Why Are Owls Wise?

Unknown-1.jpegWhat is more symbolic of wisdom than the owl? When asked to think of an animal that is smart, mysterious, or nocturnal, we automatically think of the owl, who alights upon the trees of the forest in the night, its big, piercing eyes glowing in the dark, its haunting call—Hoo, hoo—like a wistful calling for someone who is gone, its panoramic view taking into account the entire landscape, watching patiently at twilight. Some people like to think of the owl as their “spirit animal,” an animal that represents their inner nature, their personality, that symbolizes who they are. But from where do we get these associations? Why is it that we associate owls with wisdom? Were owls always wise, or did they mean something else at another time? I myself am quite fond of owls and am in possession of a collection of owl stuffed animals, so this question appealed to me. Reaching back over 2,000 years, we find yet another enduring contribution from the Ancient Greeks, from whom we get our archetypal “wise owl.”

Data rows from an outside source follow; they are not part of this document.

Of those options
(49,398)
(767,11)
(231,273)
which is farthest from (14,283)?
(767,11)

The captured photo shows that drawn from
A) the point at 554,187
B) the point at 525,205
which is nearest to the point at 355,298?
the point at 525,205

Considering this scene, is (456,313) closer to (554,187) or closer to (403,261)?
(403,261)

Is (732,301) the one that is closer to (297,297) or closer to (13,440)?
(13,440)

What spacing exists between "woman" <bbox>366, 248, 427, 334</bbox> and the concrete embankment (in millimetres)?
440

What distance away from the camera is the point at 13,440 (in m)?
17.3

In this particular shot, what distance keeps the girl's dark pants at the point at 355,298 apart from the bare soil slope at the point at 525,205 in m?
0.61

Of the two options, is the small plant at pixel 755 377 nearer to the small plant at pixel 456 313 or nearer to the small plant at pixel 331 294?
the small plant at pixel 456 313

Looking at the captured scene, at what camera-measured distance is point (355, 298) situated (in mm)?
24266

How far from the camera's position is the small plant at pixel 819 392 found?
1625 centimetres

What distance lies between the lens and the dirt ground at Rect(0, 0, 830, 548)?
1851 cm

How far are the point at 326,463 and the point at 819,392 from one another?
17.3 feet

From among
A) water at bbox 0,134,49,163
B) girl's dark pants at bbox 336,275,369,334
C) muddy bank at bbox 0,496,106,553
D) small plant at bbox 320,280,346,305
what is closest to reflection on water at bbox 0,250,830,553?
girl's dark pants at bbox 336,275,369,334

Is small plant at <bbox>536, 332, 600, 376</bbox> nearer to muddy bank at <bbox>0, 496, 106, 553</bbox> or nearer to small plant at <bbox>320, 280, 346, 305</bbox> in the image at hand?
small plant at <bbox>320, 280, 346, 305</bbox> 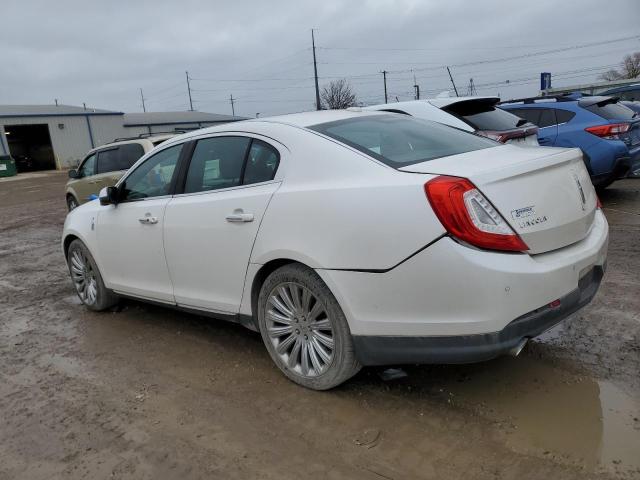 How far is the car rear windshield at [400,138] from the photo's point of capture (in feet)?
10.1

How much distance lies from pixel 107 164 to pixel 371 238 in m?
9.00

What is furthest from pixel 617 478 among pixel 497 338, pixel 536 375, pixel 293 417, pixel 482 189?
pixel 293 417

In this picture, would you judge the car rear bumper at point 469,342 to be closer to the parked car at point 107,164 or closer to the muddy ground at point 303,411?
the muddy ground at point 303,411

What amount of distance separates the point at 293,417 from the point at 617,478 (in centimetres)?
158

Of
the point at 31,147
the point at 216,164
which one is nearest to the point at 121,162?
the point at 216,164

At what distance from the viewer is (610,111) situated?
323 inches

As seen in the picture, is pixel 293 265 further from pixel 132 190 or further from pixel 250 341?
pixel 132 190

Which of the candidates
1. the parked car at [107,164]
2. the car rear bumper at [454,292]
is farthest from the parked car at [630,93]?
the car rear bumper at [454,292]

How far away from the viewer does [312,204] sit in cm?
298

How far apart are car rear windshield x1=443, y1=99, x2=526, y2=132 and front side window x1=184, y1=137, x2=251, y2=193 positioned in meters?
4.14

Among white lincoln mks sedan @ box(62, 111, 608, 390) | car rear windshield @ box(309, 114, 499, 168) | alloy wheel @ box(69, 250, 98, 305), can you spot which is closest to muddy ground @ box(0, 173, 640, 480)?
white lincoln mks sedan @ box(62, 111, 608, 390)

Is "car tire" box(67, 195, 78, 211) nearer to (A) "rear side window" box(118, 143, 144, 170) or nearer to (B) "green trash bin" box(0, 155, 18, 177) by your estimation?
(A) "rear side window" box(118, 143, 144, 170)

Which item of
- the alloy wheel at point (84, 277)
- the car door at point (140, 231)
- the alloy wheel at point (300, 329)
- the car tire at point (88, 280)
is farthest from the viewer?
the alloy wheel at point (84, 277)

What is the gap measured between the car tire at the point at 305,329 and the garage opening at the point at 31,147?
1761 inches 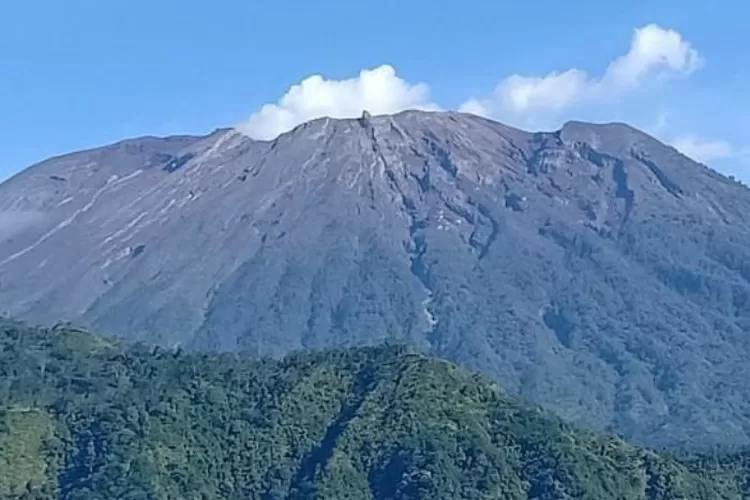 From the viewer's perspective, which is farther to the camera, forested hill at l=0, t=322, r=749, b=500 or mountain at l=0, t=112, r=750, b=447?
mountain at l=0, t=112, r=750, b=447

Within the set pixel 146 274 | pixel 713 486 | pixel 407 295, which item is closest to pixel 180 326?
pixel 146 274

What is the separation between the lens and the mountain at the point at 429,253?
139000 millimetres

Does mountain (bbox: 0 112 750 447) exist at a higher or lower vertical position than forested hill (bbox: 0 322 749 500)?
higher

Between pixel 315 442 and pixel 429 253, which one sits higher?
pixel 429 253

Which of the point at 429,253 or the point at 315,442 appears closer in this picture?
the point at 315,442

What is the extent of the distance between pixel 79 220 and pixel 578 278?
49165 millimetres

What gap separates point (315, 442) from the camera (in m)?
74.6

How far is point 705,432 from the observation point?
118 m

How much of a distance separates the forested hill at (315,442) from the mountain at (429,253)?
49.2 meters

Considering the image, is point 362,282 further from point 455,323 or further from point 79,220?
point 79,220

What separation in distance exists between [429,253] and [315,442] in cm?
8139

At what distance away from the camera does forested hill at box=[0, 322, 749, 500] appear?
2751 inches

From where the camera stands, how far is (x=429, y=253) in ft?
509

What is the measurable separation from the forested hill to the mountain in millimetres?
49216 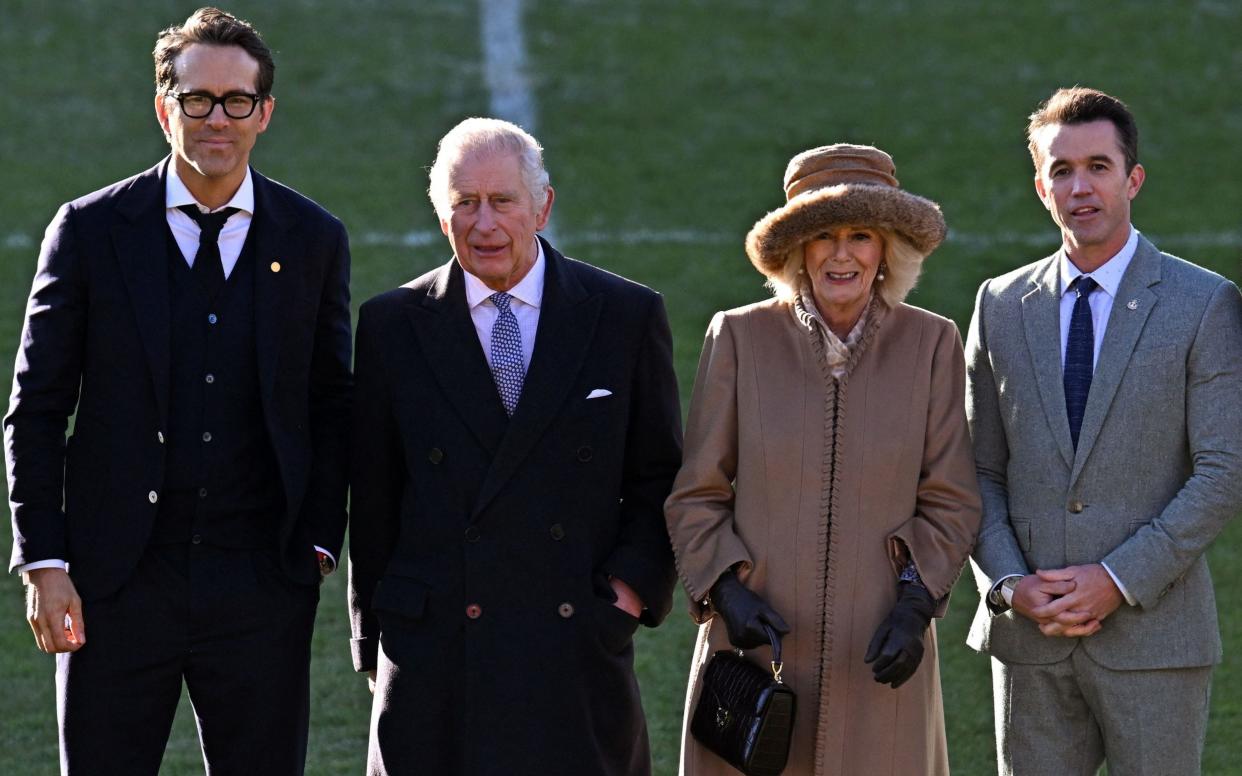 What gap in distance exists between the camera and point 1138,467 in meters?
4.47

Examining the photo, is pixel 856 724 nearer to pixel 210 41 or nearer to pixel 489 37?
pixel 210 41

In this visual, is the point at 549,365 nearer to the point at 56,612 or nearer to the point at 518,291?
the point at 518,291

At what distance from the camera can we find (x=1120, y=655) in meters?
4.46

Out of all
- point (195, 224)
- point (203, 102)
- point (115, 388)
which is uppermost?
point (203, 102)

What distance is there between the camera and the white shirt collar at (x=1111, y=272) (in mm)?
4570

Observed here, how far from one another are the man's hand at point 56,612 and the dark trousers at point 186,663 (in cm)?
4

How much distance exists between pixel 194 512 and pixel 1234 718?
4.15 m

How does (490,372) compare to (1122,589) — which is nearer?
(1122,589)

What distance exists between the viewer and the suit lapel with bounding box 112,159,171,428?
4422 millimetres

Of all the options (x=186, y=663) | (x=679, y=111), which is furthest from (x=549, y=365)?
(x=679, y=111)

owl-dark-birds.jpgIt is important to note that, as with many symbols, meanings can change. While we nowadays impute owls with wisdom, they were once regarded as evil. Cloaking themselves in the darkness, stalking silently and surreptitiously, owls represented solitude. They hid in the shadows, unseen, and so were viewed negatively, in some cultures as the bringer of death, or at least the messenger thereof. Like the raven, the owl became an image of death and the afterlife, thought to be the animal that guided the spirits from this life to the next. Ancient civilizations in Mexico, the Middle East, and especially China created horrible myths around the owl, making it the pet of Hell or the punisher of those who have done wrong. Its loud, longing screech was unsettling, and because of its ability to see in the dark, the owl could see into the future, but it also meant, in the Christian and Judaic traditions, blindness, or an inability to pierce through the darkness, ultimately preventing spiritual insight. As such, early people saw the owl as a negative force, rather than a positive one.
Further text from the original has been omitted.